Work required » Entries below include pictures. Output exactly the lines from the one with "Anheuser-busch Sales Of Nj" down to the one with "ANATOMY AND PHYSIOLOGY", both ends included, and leave the pictures out.

Data »
□ □ □ □

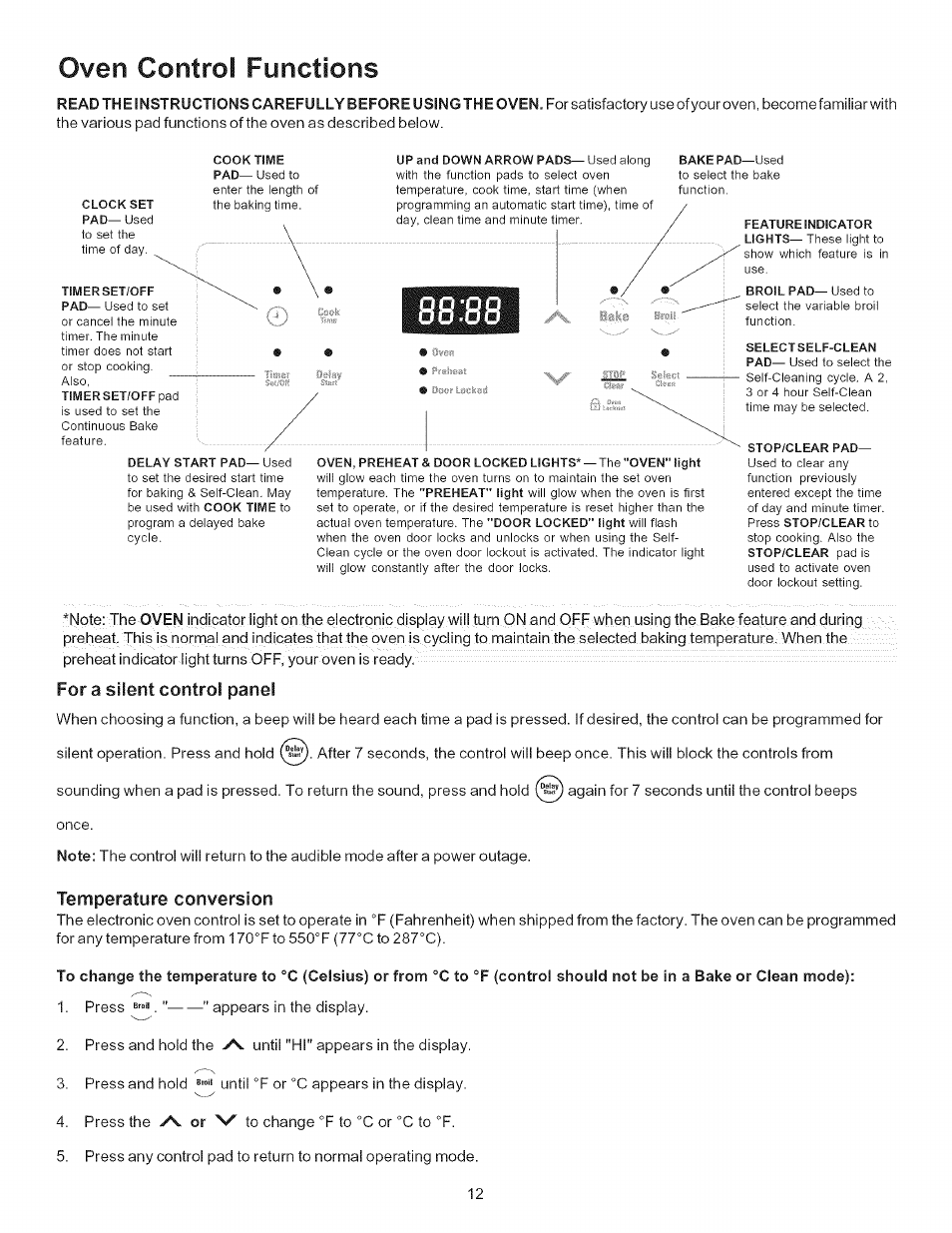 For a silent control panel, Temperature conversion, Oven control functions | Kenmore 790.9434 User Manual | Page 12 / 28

□ □ □ □

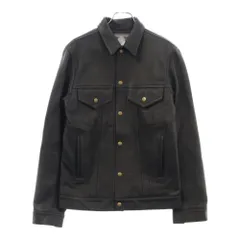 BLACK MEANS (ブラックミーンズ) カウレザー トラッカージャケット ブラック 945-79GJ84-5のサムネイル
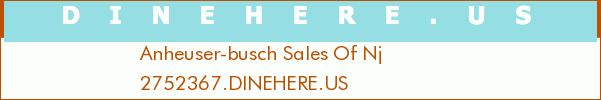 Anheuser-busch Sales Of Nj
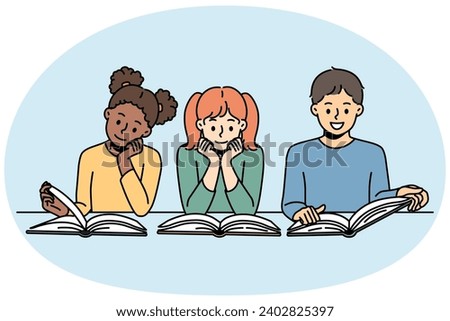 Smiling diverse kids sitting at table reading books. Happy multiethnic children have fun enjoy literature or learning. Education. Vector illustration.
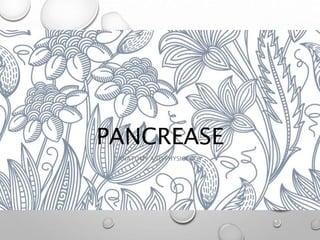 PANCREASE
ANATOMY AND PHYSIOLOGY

□ □ □ □

Written answer »
 Anheuser-busch Sales Of Nj
 Smiling diverse kids sitting at table reading books. Happy multiethnic children have fun enjoy literature or learning. Education. Vector illustration.
 PANCREASE
ANATOMY AND PHYSIOLOGY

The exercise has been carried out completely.